Material for this task:
==============================

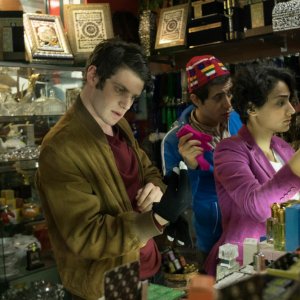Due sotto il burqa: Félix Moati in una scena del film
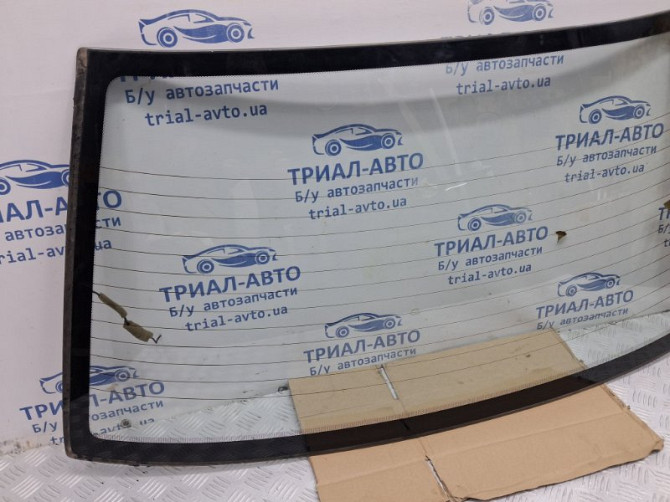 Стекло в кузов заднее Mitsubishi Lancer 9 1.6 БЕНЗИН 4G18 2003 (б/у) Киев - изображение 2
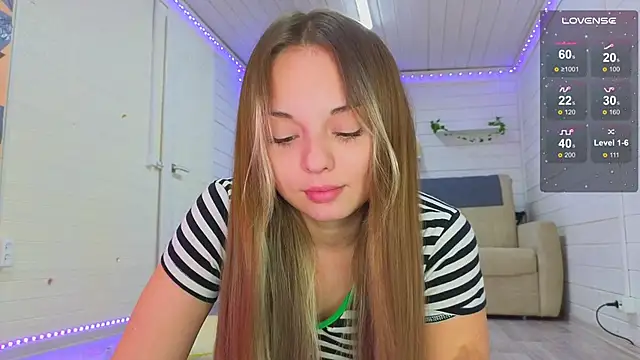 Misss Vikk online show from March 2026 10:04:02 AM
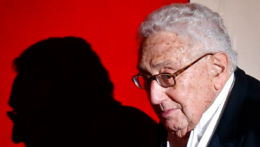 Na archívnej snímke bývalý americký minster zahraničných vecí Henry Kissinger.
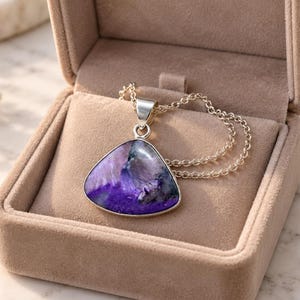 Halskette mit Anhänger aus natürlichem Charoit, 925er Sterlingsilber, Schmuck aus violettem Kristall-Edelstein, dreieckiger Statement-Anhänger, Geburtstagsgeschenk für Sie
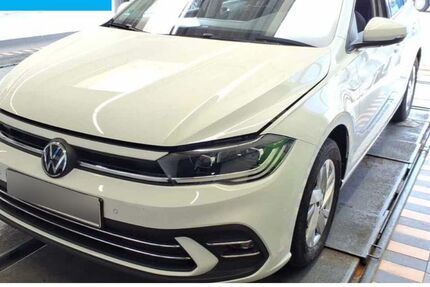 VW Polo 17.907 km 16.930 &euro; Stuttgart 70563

==============================

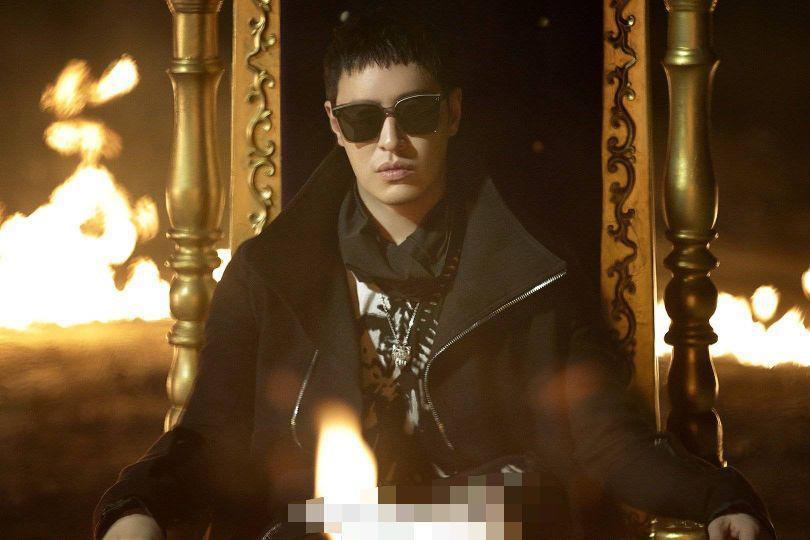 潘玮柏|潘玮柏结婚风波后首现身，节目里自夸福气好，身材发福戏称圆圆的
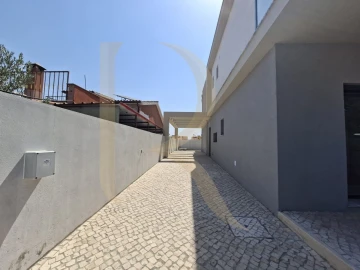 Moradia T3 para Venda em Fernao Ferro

==============================

Exercise goal:
Starting at the line above that has "潘玮柏|潘玮柏结婚风波后首现身，节目里自夸福气好，身材发福戏称圆圆的" and ending at the line that has "Moradia T3 para Venda em Fernao Ferro", copy each line exactly, leaving the pictures out and adding nothing.

Response box:
 潘玮柏|潘玮柏结婚风波后首现身，节目里自夸福气好，身材发福戏称圆圆的
 Moradia T3 para Venda em Fernao Ferro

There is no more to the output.